▶ Records for this task:

• • • •

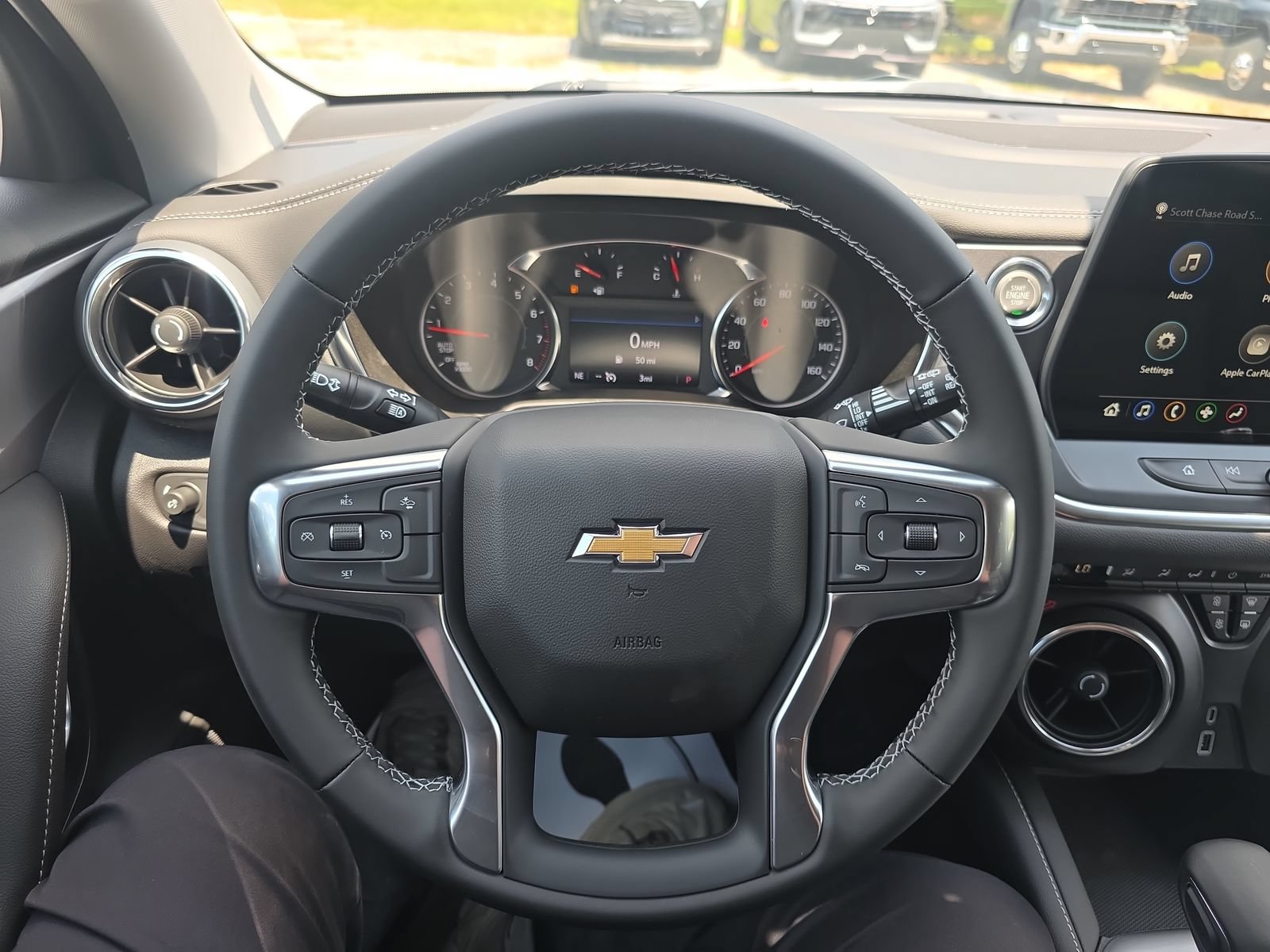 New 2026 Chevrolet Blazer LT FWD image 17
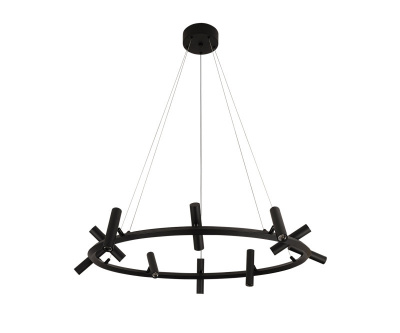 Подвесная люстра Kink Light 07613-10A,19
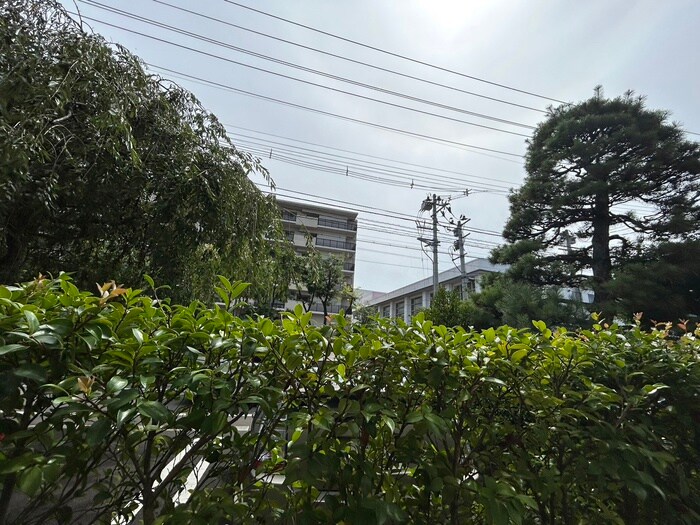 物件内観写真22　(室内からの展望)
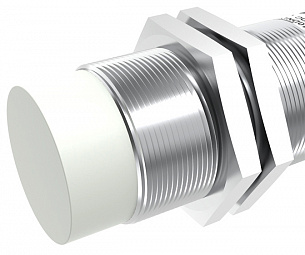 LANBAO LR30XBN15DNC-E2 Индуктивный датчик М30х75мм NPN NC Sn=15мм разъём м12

• • • •

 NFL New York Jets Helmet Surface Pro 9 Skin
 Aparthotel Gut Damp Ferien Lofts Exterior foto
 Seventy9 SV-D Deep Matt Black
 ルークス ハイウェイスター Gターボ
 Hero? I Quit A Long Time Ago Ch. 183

• • • •

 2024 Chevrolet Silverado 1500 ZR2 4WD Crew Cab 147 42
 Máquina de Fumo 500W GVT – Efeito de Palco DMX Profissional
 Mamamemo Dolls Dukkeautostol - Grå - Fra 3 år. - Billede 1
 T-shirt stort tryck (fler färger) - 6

• • • •

▶ Work to be completed:
Could you reproduce, exactly, every line above from the line with "ルークス ハイウェイスター Gターボ" to the line with "Hero? I Quit A Long Time Ago Ch. 183", and no other line? Both ends count.

▶ Result below:
 ルークス ハイウェイスター Gターボ
 Hero? I Quit A Long Time Ago Ch. 183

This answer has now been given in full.